Пальцы уже все исколоты, на локтях есть несколько царапин, на футболке, шортах, даже в волосах иголки. Про пол я молчу. Хвойный запах заполнил собой всю квартиру. Мне кажется, что в комнате исчезло все, кроме этой елки и Морозова.
— Ну вот, другое дело. А папа твой где, кстати?
Вот папа обрадуется, когда вернется! Особенно узнав, кто елку притарабанил.
— У него дела.
Рассказывать про папину внезапную работу накануне Нового года совершенно не хочется. Особенно Морозову. Наверняка все доложит маме.
— Ну, раз дела, значит, давай сами елку наряжать. Только сетку сначала снимем.
Ветки распрямляются довольно быстро. Я и правда не фанат живых деревьев на Новый год, хотя в детстве их очень любила. Эту елку будет особенно жаль выбрасывать.
— Как притащил елку, так же и выбрасывать будешь. Понял?
— Понял. Игрушки новогодние тащи.
— Какие игрушки? Морозов! Я сюда только переехала! Мне не до игрушек было! Это ты все играешь, наиграться не можешь.
Он смотрит на меня пристально, чуть сощурив глаза. Злится и, похоже, вот-вот перестанет изображать хорошего парня.
— У меня уже спортивный интерес, Вика. Ты когда-нибудь и чем-нибудь бываешь довольной? Ты радоваться просто умеешь?
— Я не просила тебя приезжать. И привозить елку. И напиваться. И звонить мне ночью. И с девк… проехали. Забей.
Ухожу на кухню за веником: весь пол в комнате усыпан иголками. К тому же просто не хочу видеть злобного Морозова.
— Ревнуешь? — раздается прямо под ухом. — Зря. Я свободен. Честно.
— Ты всегда свободен, Саш. И дурой будет та, которая посчитает, что это не так. И нет, я не ревную.
— Правда?
— Правда.
Он недоверчиво хмыкает, забирает из рук совок с веником и уходит из кухни. Не хочу идти за ним.
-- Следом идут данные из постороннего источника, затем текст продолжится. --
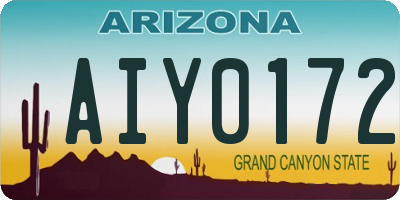 AZ license plate AIY0172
Перед глазами фотки пьяного бугая в обнимку с Изосимовой и еще какими-то девками в «Инсте». И это только то, что я видела до трех ночи. Хорошо они повеселились. Даже странно, что Морозов совсем не помятый.
— Все чисто. Никаких иголок. — Бугай аккуратно высыпает мусор в ведро. — Сама посмотри.
— Спасибо.
— Новый год, кстати, здесь будешь отмечать?
Морозов никогда не скрывал своего презрения к этой квартире. Вот и сейчас обводит стены таким взглядом, словно здесь совсем нельзя жить.
— Возможно. Не знаю пока.
— Поехали со мной на Красную площадь! Будет круто.